After its introduction by Werner in his 1514 book, Nova translatio primi libri geographiaae C. Ptolemaei, the Werner projection was commonly used for world maps and some continental maps through the 16th century and into the 17th century. It was used by Mercator, Oronce Fine, and Ortelius in the late 16th century for maps of Asia and Africa. By the 18th century, it was replaced by the Bonne projection for continental maps. The Werner projection is only used today for instructional purposes and as a novelty.
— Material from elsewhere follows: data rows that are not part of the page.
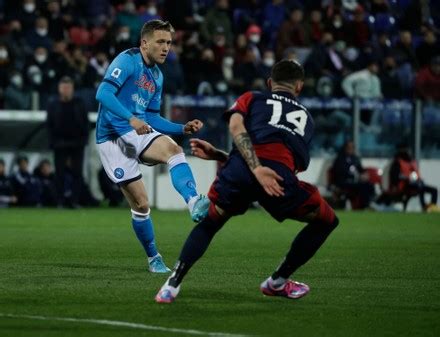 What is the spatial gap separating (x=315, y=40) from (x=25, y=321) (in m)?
20.0

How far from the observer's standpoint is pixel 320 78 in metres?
26.1

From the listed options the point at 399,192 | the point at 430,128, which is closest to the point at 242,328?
the point at 399,192

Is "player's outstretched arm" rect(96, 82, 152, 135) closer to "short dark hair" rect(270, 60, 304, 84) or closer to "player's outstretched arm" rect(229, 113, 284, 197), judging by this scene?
"short dark hair" rect(270, 60, 304, 84)

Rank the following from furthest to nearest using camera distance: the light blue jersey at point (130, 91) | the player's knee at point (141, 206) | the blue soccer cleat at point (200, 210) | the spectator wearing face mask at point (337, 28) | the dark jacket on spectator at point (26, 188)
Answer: the spectator wearing face mask at point (337, 28) → the dark jacket on spectator at point (26, 188) → the player's knee at point (141, 206) → the light blue jersey at point (130, 91) → the blue soccer cleat at point (200, 210)

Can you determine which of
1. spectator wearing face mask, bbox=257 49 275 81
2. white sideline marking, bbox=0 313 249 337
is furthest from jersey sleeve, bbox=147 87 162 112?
spectator wearing face mask, bbox=257 49 275 81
In 1512, Stabius published a work called the Horoscopion. He also devised a card dial.
In 1515 Dürer and Johannes Stabius created the first world map projected on a solid geometric sphere. On an "imaginary orb", they created a perspective view of the surface geography of the world.

In 1515, Stabius (who also acted as the court astronomer), Dürer and the astronomer Konrad Heinfogel produced the first planispheres of both southern and northerns hemispheres, also the first printed celestial maps. These maps prompted the revival of interest in the field of uranometry throughout Europe.

Stabius often acted as Dürer's and Maximilian's go-between for their financial problems.

Stabius was a member of a circle of humanists based in Vienna. This circle included the scholars Georg Tannstetter, Stiborius, Thomas Resch, Stefan Rosinus, Johannes Cuspinianus, and the reformer Joachim Vadianus. These humanists were associated with the court of Maximilian I, Holy Roman Emperor.